Initial Access (IA) is the process of powering on a wireless device such as a User Equipment device (UE) in order for it to access the cellular network. There are three steps in this procedure, which are fairly independent of which Radio Access Technology (RAT) is being used (the below is inspired by Long Term Evolution (LTE)):                1. Cell search—acquiring network symbol and frequency synchronization (sync) to the network and obtaining fundamental cell information, e.g., the cell Identity (ID), for cell selection.        2. Receiving system information—receiving further cell and network information defining cell and network properties, e.g., operator, carrier bandwidth, system frame number, access information, and adjacent cell information.        3. Random access procedure—this is the step where the UE signals its presence to the network in order for the network to be able to page or schedule it.        

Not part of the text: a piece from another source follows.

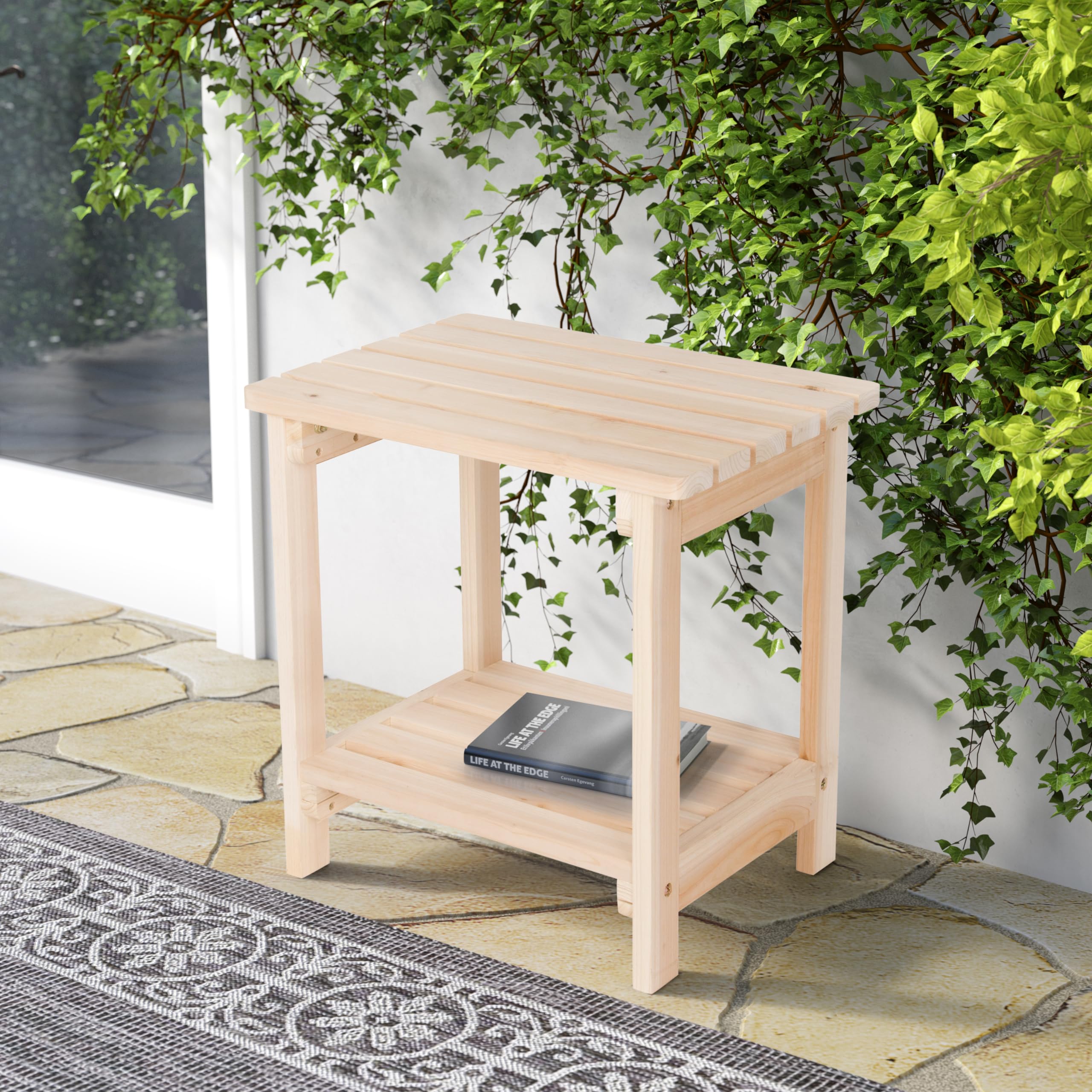Shine Company Providence Rectangular Solid Wood Side Table - Natural Finish Outdoor Adirondack Small Patio Table for Garden, Deck, Poolside & Backyard Relaxation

In order to transmit and receive signals at a specific carrier frequency, a transceiver (both base station and device) needs to translate a baseband signal to/from the carrier frequency. This is done by mixing a signal with a local version of the carrier frequency generated in the local oscillator (LO). A LO, in turn, derives its output signal from a crystal oscillator (XO) from which a signal with a fundamental frequency is up-converted or modulated to the desired carrier frequency. The open loop (i.e., prior to the LO having locked to the carrier frequency) relative frequency inaccuracy in a crystal is typically 10-50 parts per million (ppm) depending on the XO frequency and quality. Typically, an XO with higher resonance frequency is needed for higher carrier frequencies in order to cope with the phase noise. However, the higher reference frequency for the XO results in higher relative inaccuracy. This implies that higher New Radio (NR) carrier frequencies will face a fivefold relative frequency inaccuracy compared to LTE at 2-3 gigahertz (GHz). Note that NR is a term used to refer to Third Generation Partnership Project (3GPP) Fifth Generation (5G) NR.
LTE comprises two synchronization (sync) signals, the Primary Synchronization Signal (PSS) and the Secondary Synchronization Signal (SSS), that are used in order to establish symbol and frequency sync and to obtain, e.g., cell identity (ID). The PSS is used in order to get an initial frequency lock (±4 kilohertz (kHz)) which is further refined in the SSS.
In order to identify prospect sync frequencies, the UE may, in some prior art solutions, perform a frequency scan over the complete frequency band, as illustrated in FIG. 1. From the frequency scan, the UE may obtain the individual frequency carriers from a matched filtering operation in which the LTE spectrum shape is used, typically one shape for each LTE bandwidth, as is illustrated in FIG. 2. FIG. 2 illustrates results of a matched filtering operation for the frequency scan of FIG. 1. This gives the UE an initial understanding of what carrier bandwidths are present in the frequency band, where, and, consequently, at what frequencies to search for PSS and SSS since their positions are fixed to the center of the system bandwidth, as is illustrated in FIG. 3. FIG. 3 illustrates frequency locations to be searched for synchronization signals based on the results of the matched filer operation of FIG. 2. Notably, FIG. 3 is a simplification in that multiple frequencies are typically tested around each peak.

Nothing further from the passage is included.